> Records for the exercise:
──────────────────────────────

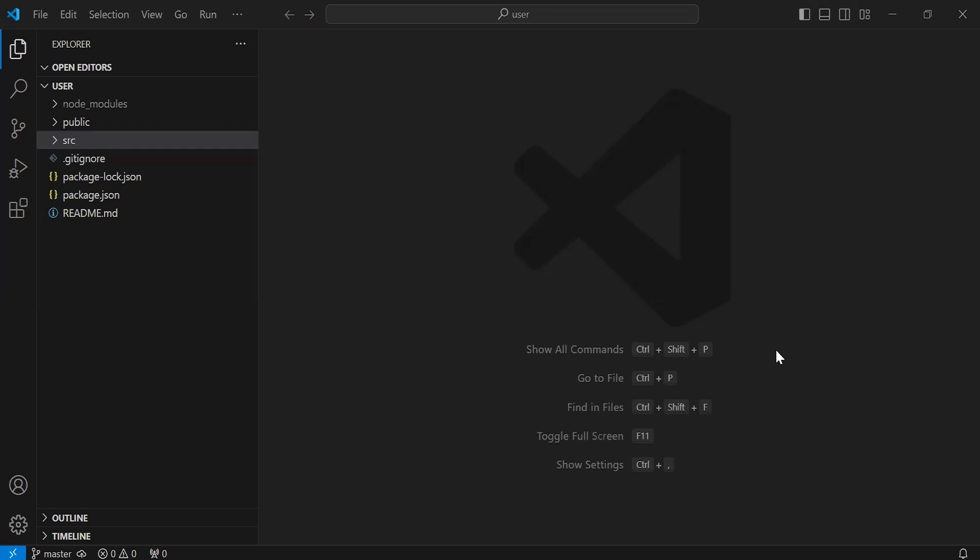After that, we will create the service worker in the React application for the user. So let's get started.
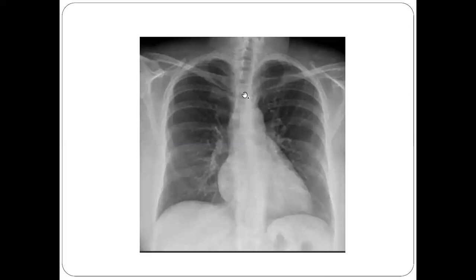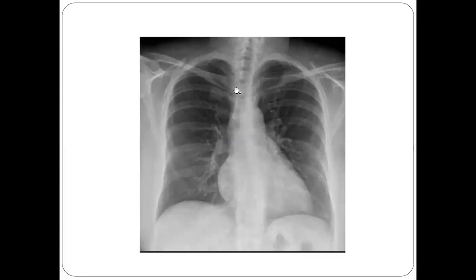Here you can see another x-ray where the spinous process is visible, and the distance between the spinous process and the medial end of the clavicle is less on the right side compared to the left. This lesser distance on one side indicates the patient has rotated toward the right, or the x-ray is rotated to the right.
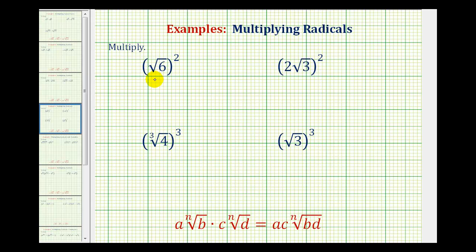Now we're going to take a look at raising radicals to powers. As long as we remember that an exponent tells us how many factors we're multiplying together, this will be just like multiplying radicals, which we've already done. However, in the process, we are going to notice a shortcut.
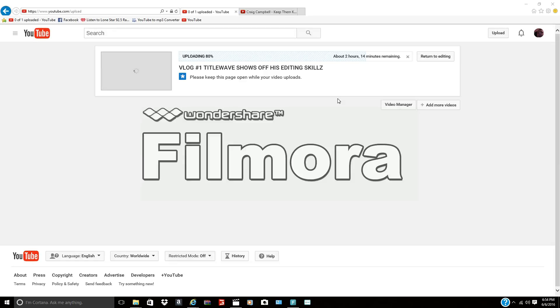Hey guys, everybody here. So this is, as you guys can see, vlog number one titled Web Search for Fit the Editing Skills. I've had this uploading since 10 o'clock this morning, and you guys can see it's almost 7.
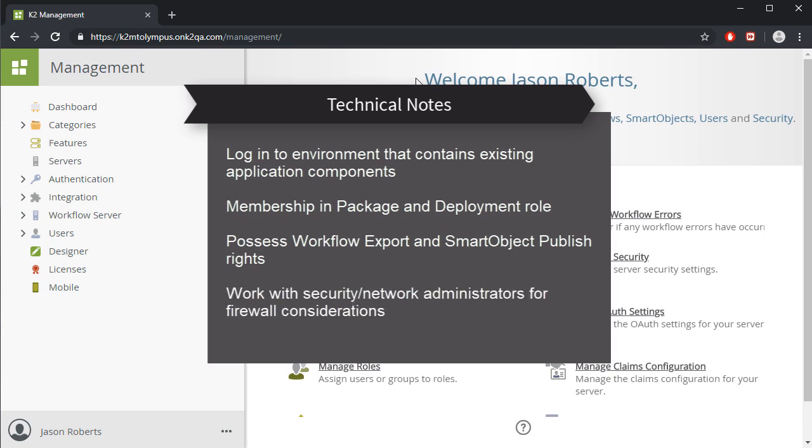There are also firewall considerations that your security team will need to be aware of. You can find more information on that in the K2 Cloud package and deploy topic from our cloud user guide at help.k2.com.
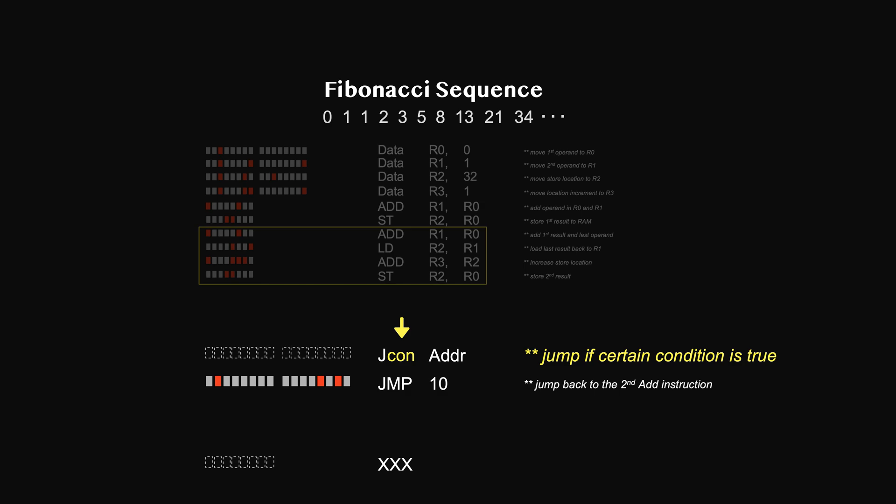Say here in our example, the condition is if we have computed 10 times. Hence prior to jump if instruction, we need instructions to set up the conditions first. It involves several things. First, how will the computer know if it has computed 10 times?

──────────────────────────────

> Activity: Extract precisely the lines beginning at the line containing "Here you can" and ending at the last line of the entries above, exactly as written and with no pictures.

> Answer section:
Here you can see another x-ray where the spinous process is visible, and the distance between the spinous process and the medial end of the clavicle is less on the right side compared to the left. This lesser distance on one side indicates the patient has rotated toward the right, or the x-ray is rotated to the right.
Now we're going to take a look at raising radicals to powers. As long as we remember that an exponent tells us how many factors we're multiplying together, this will be just like multiplying radicals, which we've already done. However, in the process, we are going to notice a shortcut.
Hey guys, everybody here. So this is, as you guys can see, vlog number one titled Web Search for Fit the Editing Skills. I've had this uploading since 10 o'clock this morning, and you guys can see it's almost 7.
There are also firewall considerations that your security team will need to be aware of. You can find more information on that in the K2 Cloud package and deploy topic from our cloud user guide at help.k2.com.
Say here in our example, the condition is if we have computed 10 times. Hence prior to jump if instruction, we need instructions to set up the conditions first. It involves several things. First, how will the computer know if it has computed 10 times?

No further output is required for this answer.